Long envisioned as a holy grail of data management, the idea of an analyst or data scientist “shopping” for the data they need (and are allowed to have), adding it to their “cart,” and bringing it to their analytics sandbox is here and working today.

So what has changed? For veterans of the data campaigns, it will come as no surprise that the secret to enterprise data marketplace success goes far beyond a sleek UI or Amazon-like user friendliness. True success lies just as much in the back-end “supply chain” capabilities that streamline data collection, automate governance and demonstrate provenance that allow the end consumer to have faith they are getting the right product from their shopping experience.

Today’s analysts and data scientists are no longer just “consumers” of data, they are sophisticated professionals. Data literacy is now an essential job skill, and the discipline is growing in large, mature enterprises. As such, the data these consumers provision through these marketplaces has to pass these three essential tests:

  1. They have to trust it. The governance must be bulletproof and automated.
  2. They have to see it. The lineage or provenance of the data must be transparent and credible.
  3. They have to be able to use it. Self-service provisioning into an analytics-ready sandbox is essential to take action quickly.

Passing the Test through Innovation

A number of key technological developments – underscored by a big shift to a DataOps mindset  – are helping pass the test by making data more accessible and productive than ever before, positioning the enterprise to reap data’s ultimate potential as this decade’s most valuable business currency.

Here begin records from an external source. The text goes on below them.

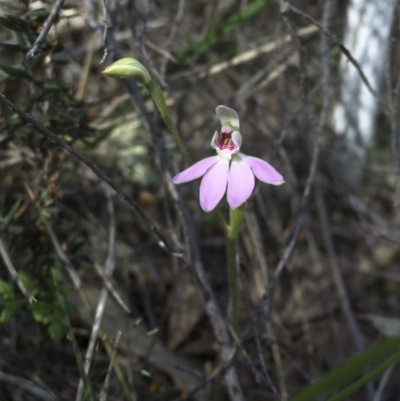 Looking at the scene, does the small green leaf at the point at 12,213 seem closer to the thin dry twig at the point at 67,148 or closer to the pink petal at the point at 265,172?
the thin dry twig at the point at 67,148

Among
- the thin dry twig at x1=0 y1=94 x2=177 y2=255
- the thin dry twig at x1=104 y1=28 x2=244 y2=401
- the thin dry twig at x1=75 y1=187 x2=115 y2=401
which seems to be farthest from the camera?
the thin dry twig at x1=104 y1=28 x2=244 y2=401

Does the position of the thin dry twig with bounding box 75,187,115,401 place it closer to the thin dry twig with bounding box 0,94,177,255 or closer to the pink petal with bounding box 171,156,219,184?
the thin dry twig with bounding box 0,94,177,255

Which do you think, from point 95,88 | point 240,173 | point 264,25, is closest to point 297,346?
point 240,173

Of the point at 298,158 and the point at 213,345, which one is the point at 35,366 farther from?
the point at 298,158

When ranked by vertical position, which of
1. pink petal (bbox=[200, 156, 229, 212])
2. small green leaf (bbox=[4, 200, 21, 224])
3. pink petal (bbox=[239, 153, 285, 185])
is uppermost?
pink petal (bbox=[239, 153, 285, 185])

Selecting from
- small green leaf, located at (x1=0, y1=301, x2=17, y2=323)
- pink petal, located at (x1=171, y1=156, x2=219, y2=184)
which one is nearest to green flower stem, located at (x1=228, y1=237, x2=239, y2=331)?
pink petal, located at (x1=171, y1=156, x2=219, y2=184)

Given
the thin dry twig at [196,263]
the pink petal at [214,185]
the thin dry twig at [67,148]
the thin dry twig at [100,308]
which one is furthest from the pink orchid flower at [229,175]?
the thin dry twig at [100,308]

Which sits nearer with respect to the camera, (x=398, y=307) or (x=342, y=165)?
(x=398, y=307) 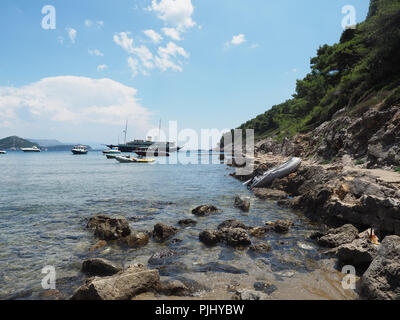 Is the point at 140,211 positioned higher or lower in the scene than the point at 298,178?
lower

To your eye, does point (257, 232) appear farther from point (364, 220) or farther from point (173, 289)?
point (173, 289)

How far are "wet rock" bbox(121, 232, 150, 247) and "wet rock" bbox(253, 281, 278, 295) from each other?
4.49 metres

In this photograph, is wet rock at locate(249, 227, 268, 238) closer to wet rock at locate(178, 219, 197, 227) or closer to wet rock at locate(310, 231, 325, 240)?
wet rock at locate(310, 231, 325, 240)

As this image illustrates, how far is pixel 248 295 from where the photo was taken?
16.1ft

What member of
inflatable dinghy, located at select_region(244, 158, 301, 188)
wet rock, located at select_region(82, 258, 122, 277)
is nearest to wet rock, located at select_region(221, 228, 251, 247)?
wet rock, located at select_region(82, 258, 122, 277)

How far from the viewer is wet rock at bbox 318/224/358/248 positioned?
24.9 ft

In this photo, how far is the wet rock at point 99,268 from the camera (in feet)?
20.3

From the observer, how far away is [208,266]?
6680 mm

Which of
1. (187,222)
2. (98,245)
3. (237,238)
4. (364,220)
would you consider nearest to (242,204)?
(187,222)

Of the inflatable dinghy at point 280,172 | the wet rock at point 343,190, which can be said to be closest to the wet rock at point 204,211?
the wet rock at point 343,190

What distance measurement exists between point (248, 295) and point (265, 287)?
80 cm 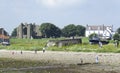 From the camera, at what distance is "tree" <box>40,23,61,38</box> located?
6892 inches

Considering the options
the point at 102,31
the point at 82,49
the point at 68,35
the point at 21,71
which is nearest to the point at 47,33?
the point at 68,35

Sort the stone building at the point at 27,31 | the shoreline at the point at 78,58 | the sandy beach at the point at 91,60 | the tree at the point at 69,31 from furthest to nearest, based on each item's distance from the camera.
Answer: the tree at the point at 69,31 → the stone building at the point at 27,31 → the shoreline at the point at 78,58 → the sandy beach at the point at 91,60

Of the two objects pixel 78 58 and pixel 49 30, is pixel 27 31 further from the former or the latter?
pixel 78 58

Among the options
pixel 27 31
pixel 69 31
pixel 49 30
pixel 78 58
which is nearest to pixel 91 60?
pixel 78 58

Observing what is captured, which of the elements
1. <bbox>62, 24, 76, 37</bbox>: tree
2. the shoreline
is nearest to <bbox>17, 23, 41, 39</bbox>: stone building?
<bbox>62, 24, 76, 37</bbox>: tree

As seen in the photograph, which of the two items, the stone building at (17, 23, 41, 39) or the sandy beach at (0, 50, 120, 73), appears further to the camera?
the stone building at (17, 23, 41, 39)

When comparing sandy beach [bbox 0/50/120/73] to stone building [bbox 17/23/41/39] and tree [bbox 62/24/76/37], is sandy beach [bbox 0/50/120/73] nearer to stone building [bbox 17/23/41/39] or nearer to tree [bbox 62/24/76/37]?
stone building [bbox 17/23/41/39]

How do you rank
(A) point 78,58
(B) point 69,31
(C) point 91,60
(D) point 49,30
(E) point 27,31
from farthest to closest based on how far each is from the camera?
1. (B) point 69,31
2. (D) point 49,30
3. (E) point 27,31
4. (A) point 78,58
5. (C) point 91,60

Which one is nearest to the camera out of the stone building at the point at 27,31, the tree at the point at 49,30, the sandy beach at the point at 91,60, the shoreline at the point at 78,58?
the sandy beach at the point at 91,60

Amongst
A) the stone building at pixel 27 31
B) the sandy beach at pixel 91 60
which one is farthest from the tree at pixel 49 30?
the sandy beach at pixel 91 60

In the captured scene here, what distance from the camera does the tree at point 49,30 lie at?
175050 mm

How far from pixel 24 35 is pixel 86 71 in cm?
14116

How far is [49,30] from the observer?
176 m

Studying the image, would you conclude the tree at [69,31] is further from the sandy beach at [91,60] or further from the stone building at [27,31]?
the sandy beach at [91,60] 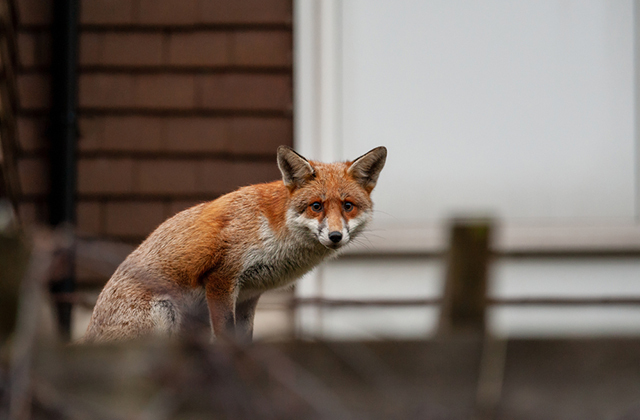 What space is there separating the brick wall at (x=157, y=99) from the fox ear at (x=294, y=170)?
4.63m

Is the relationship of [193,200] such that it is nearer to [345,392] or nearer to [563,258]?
[563,258]

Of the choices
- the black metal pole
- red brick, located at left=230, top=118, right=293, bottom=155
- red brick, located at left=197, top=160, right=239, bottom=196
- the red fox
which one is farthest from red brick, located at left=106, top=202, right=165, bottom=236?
the red fox

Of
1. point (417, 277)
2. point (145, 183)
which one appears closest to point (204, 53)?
point (145, 183)

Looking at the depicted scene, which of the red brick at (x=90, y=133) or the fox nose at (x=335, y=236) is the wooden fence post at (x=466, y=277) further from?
the red brick at (x=90, y=133)

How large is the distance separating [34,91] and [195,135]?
193 centimetres

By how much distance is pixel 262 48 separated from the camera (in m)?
8.00

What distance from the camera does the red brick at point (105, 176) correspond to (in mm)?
7719

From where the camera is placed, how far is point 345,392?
2.12 meters

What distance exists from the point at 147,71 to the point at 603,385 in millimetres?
6941

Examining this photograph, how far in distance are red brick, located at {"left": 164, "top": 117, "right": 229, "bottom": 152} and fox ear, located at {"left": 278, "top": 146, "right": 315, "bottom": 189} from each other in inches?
190

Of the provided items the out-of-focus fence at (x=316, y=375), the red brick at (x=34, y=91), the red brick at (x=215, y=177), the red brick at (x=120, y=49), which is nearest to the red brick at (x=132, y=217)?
the red brick at (x=215, y=177)

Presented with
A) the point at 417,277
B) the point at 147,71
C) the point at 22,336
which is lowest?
the point at 417,277

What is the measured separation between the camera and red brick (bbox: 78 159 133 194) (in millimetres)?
7719

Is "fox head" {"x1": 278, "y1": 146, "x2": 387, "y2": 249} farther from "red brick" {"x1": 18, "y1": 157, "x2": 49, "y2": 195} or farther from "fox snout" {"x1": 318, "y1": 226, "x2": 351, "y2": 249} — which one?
"red brick" {"x1": 18, "y1": 157, "x2": 49, "y2": 195} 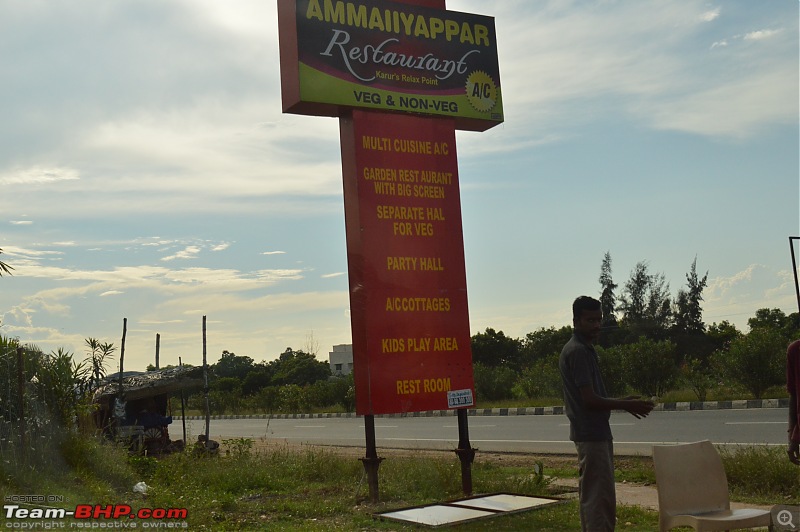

First, extensible platforms are helping enterprises manage data sprawl. Enterprise data can and does live anywhere – on prem, in the cloud, across multiple clouds, or a combination of each. This used to seem like an intractable problem that blunted the speed and utility of data. Typically, data management tools were just as siloed as the data – “here’s our cloud tool, here’s our Hadoop tool, etc.”

Second, augmented metadata catalogs are now harnessing the power of machine learning to tag, annotate, and enrich data, serving as a virtual repository of data at scale. Augmented data management technologies can now automate and make recommendations to secure, mask and control data, making it much easier to comply with regulatory mandates like GDPR, CCPA, etc. This automation and intelligence enables companies to orchestrate their current data management systems and turbocharge their performance, all while greatly reducing administrative costs.

These technological building blocks of today’s forward-thinking organizations enable data marketplaces to perform seamlessly, delivering trusted, governed, and useful data quickly and easily to those throughout the enterprise who need it. The benefits include greater productivity, faster speed-to-value, and a new level of data agility that is urgently needed. I was recently talking to a good friend, a CDO of a global hospitality company, who stated that the benefits of getting the right data into the right hands at the right time to impact a customer’s experience can be directly attributed to a significant increase in revenue.

The three-month, or even three-week, data “request-to-delivery” cycles of the 2010’s seem dangerously outdated. Across industries, from medical testing to financial services, new COVID-19 demands, regulations, and government programs, are creating a data tsunami that must be managed with an efficiency worthy of the people depending on them.

The stakes have been raised. Data marketplaces, and the enabling technologies upon which they are built, will be vital in meeting not only the enterprise’s, but also the world’s, biggest challenges.